Introduction

Thyroid diseases (TDs) are a category of non-communicable disease that are easy to neglected, misdiagnosed and poorly managed1. At both ends of the spectrum, inadequate or excessive iodine intake can lead to thyroid disorders2. China was an iodine deficient country with a high prevalence of iodine deficiency disorders3, and in 1996, China implemented Universal Salt Iodization (USI) legislation nationally. During the 20 years of USI enactment, China has experienced excessive iodine intake (defined as median urine iodine concentration (UIC) ≥ 300 µg/L) for 5 years (1996–2001), more than adequate iodine intake (defined as median UIC from 200 to 299 µg/L) for 10 years (2002–2011), and adequate iodine intake (defined as median UIC from 100 to 199 µg/L) for 5 years (2012–2016)4. Since TDs are a health care and socio-economic burden in China, there has been increased interest in research on TDs intervention and prevention5,6,7.

The development of the internet has greatly changed people’s lives, especially the expansion of search engines, which has further enhanced the value of the internet as a tool for life, learning and work. According to the 49th Statistical Report on Internet Development in China, there were approximately 1032 million internet users in China by the end of December 2021, and the internet penetration rate reached 73.0%8. It was estimated that the utilization rate of search engine among netizens was about 81.3%. 77.3% of users could find the information they need through this service. Baidu search accounted for 90.9% of search engine users, ranking first9.

Baidu Index is a big data sharing platform constructed by massive user behavior information, which shows the search trend of the selected keywords, gains insight into the changes in the needs of netizens, monitors the trend of media public opinion, and locates the characteristics of users. The platform can provide data such as search index, demand map, information index, media index and population attributes. Currently, scholars have used Baidu index big data to analyze health data, and the research involves various aspects such as the assessment of online search trends and real demand for Lower urinary tract symptoms10, evaluation of outbreak monitoring prediction models for COVID-19 epidemics11,12, and prediction of the incidence of HIV/AIDS in China13. Through the analysis of these online search trend data, it is possible to reflect the pattern of health information search behavior and interest of internet users on population level.
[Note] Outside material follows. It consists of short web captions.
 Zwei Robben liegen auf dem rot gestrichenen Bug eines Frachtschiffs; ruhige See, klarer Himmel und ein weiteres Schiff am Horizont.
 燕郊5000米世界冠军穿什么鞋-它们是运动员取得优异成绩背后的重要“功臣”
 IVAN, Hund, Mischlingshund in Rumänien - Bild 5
And there are no studies on TDs using the Baidu index yet.

This study used the Baidu Index data platform to obtain data and conduct secondary analysis in order to understand the characteristics of public attention to TDs, information search behavior and the trend of media attention, to explored the value of internet search data in monitoring online information search behavior. It provides a basis for meeting the public's need for understanding TDs, targeting the prevention and treatment of TDs, and complementing the advantages of traditional TDs surveillance systems.

Methods

Data from Baidu index

The data from Baidu Index (http://index.baidu.com/Helper/?tpl=helpandword=#pdesc) was used. Baidu Index is a big data sharing platform constructed by massive user behavior information, which shows the search trend of the selected keywords, gains insight into the changes in the needs of netizens, monitors the trend of media public opinion, and locates the characteristics of users. The platform can provide data such as search index, demand map, information index, media index and population attributes.
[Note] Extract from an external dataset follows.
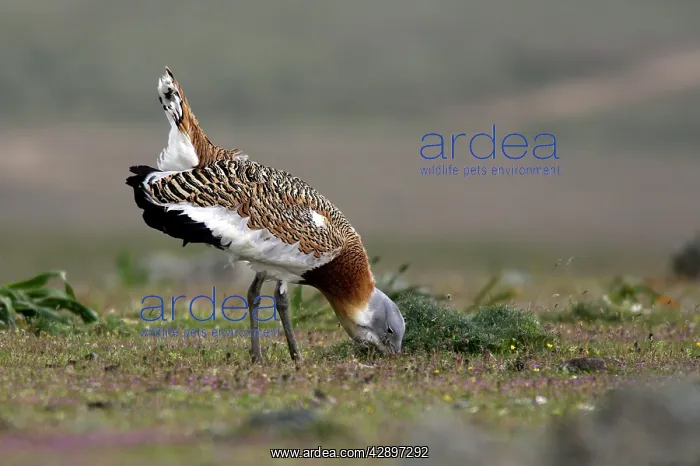 : Great Bustard displaying male : Great Bustard displaying male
The data used in this study included: (1) search index: the data based on the search volume of netizens in Baidu, with keywords as statistical objects, scientifically analyze and calculate the weighted search frequency of each keyword in Baidu web search. (2) media index: the number of news reported by major internet media related to keywords and included by Baidu News Channel. (3) annual netizen search rate: search index/annual number of netizens (the annual number of netizens comes from the Statistical Report on Internet Development in that year).

The keyword “thyroid” was searched through the demand map of Baidu Index platform, and the weekly keyword demand map was collected in December 2019. The keywords related to TDs with the highest demand were selected: “thyroid nodule”, “thyroid cancer”, “thyroiditis”, “hyperthyroidism” and “hypothyroidism”. The two nouns of non-thyroid-related diseases: “what are the symptoms of thyroid” and “thyroid function” were excluded. The search index and media index for each keyword from January 1, 2011 to December 31, 2019 were obtained, a total of nine complete years. At the same time, due to the limitations of Baidu Index tools and the needs of research and analysis, this study recorded the data of search index and media index with weekly as the smallest unit, and summarized them to the quarter and year as the basis for subsequent data analysis.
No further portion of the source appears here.